Possiamo forzare le nostre macchine a lavorare con un tempo differente da quello normale; possiamo rifiutare di esprimere piacere o fastidio nei modi usuali; possiamo intenzionalmente rimanere in compagnia di qualcuno che ordinariamente ci ripugna, soprattutto qualcuno la cui chimica ci ripugni. Per forzare idee in conflitto da riconciliare dobbiamo, se necessario, essere pronti a giacere e a convincere noi stesse che stiamo in piedi.
Questi piccoli conflitti sono facili da comporre. Successivamente, per mettere in scena un balletto reale, dobbiamo coinvolgere questi due potenti maghi in una vera lotta per sopravvivere. Il balletto deve avere un grande conflitto per mantenere la lotta fra queste grandi forze.
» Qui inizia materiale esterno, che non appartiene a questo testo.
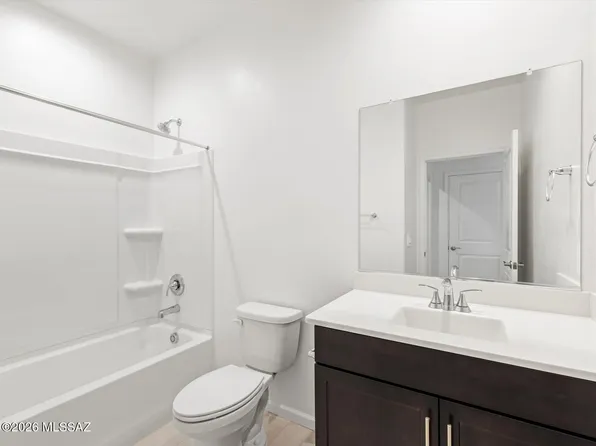 9768 N Solstice Ave, Tucson, AZ 85743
Ho un’idea. Trovate lo scopo di conflitto più grosso possibile, che metta a questi due maghi la voglia di combattere. Deve trattarsi di un conflitto così grande che entrambi si sentano costretti a combattere per sopravvivere, tuttavia non così grande che l’organismo si ammali per effetto della battaglia.
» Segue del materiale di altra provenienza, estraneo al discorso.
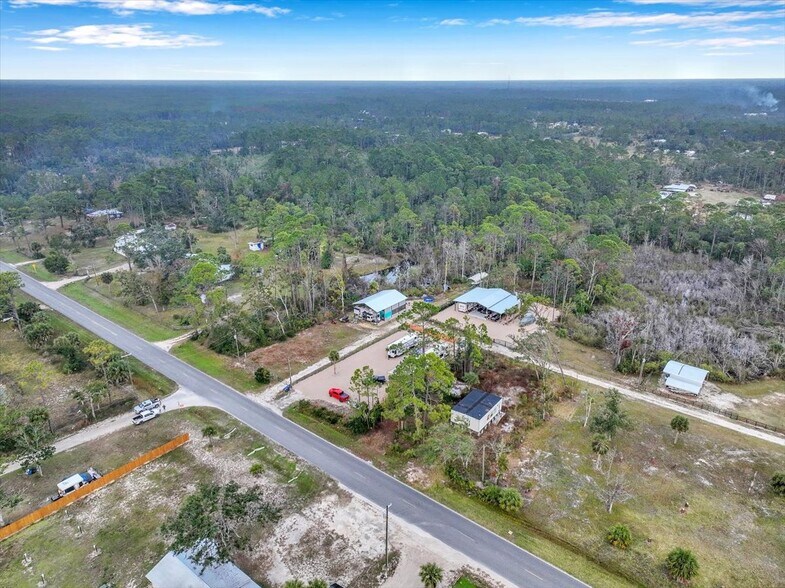 More Photos Of 516 2nd NW st, Steinhatchee Specialty For Sale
Dobbiamo avere un balletto di combattimento, non esattamente come la guerra ordinaria; vi è sia bellezza sia orrore, ma non è che semplicemente accadono: sono coreografe, messe in scena e controllate dal regista.
Se potete trovare lo scopo di conflitto finale per il quale entrambi i maghi si sentono obbligati a combattere per ottenere la loro stessa vita ed impedire quella del nemico, date prova di comprendere la vostra macchina; in quel caso può esservi d’aiuto. 
Non ha importanza quale parte vinca, il risultato è lo stesso perché il “Dottor Sì” ed il “Dottor No”, come i loro danzatori-combattenti, sono lo stesso individuo, entrambi i ruoli giocati dallo stesso attore, il vuoto che combatte contro il nulla.
Cercate di vedere come questo possa essere un esperimento reale per voi, e che potete fare adesso, non semplicemente un divertente filosofare.

Qualcuno nel gruppo chiede come si potesse fare “Non ci avete dato abbastanza per lavorarci su” disse J. “come possiamo incominciare questa battaglia a meno che non ci diciate più esattamente come procedere”?
“Basta” disse G. “ho addirittura dato troppo. Oggi non una parola di più”.